Wenn The Atlantic-Redakteur David Sims auf Twitter in Reaktion auf den New York Times-Artikel schreibt, dass HBO das Medium in vielen Wegen zum Besseren verändert hat, nun jedoch die Zukunft des Fernsehens extrem deprimierend aussieht, trifft er den Nagel auf den Kopf. HBO sollte voranschreiten und nicht hinterherrennen, während Netflix überlegt, wie sich aus 13 Reasons Why noch mehr Verlängerungsgründen pressen lassen, um die Content-Nachfrage mit betäubender Schlagfertigkeit zu stillen. "It's not TV. It's HBO.", lautete einer der vielen HBO-Slogans, die den Sender in seiner mittlerweile 45-jährigen Geschichte immer bewusst und geschickt als etwas Besonderes zu inszenieren wussten.
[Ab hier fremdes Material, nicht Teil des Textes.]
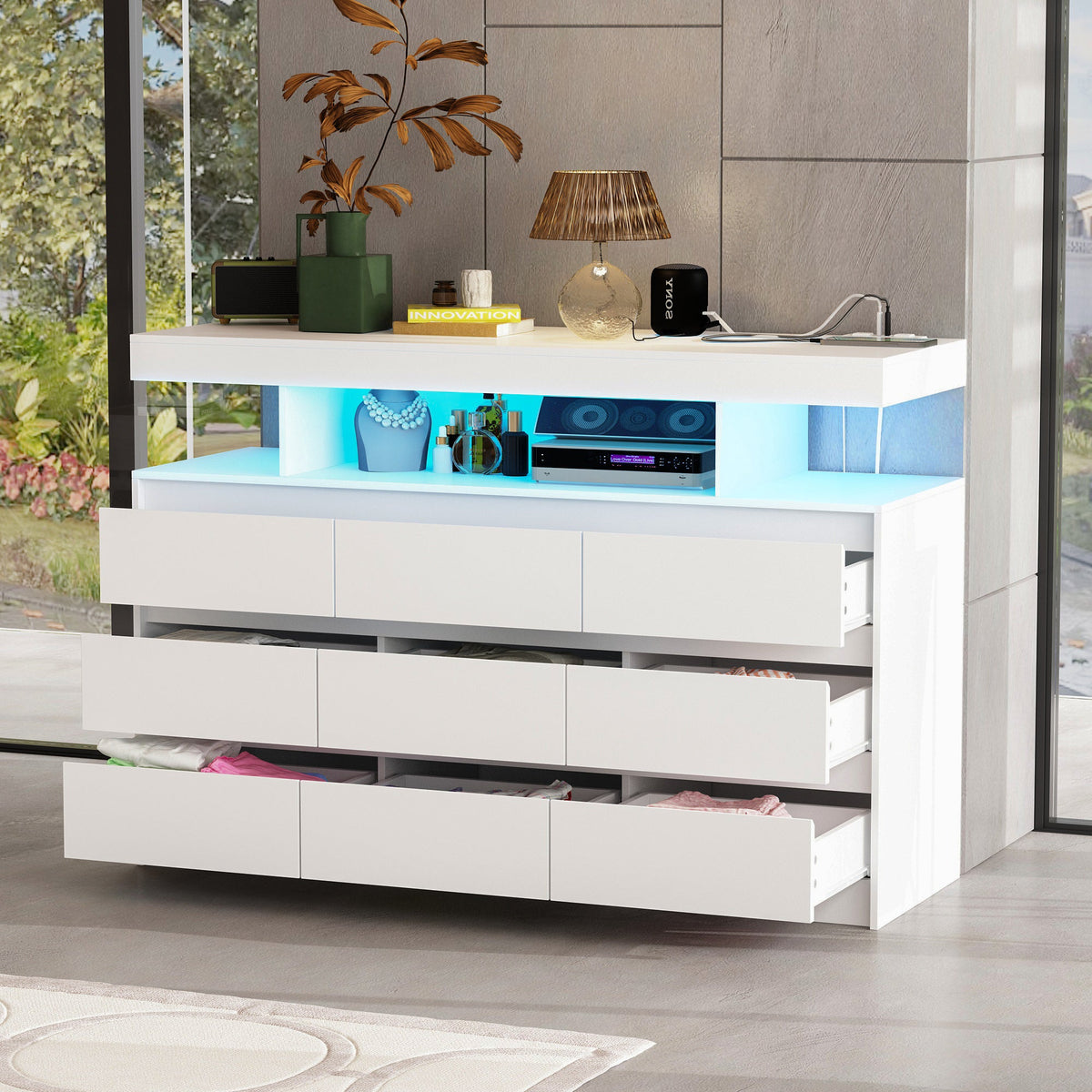 47.2" Minimalist White Dresser With LED Lights & 9 Drawers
An diesem HBO hat John Stankey offenbar aber kein Interesse. Stattdessen wird es in Zukunft wohl mehr in die Richtung des Leitspruchs gehen, der von 2009 bis 2011 die Logoeinblendung begleitet und sich nun in eine Drohung verwandelt hat: "It's more than you imagined."

Glaubt ihr, HBO kann mit der Produktion von mehr Inhalten Netflix schlagen?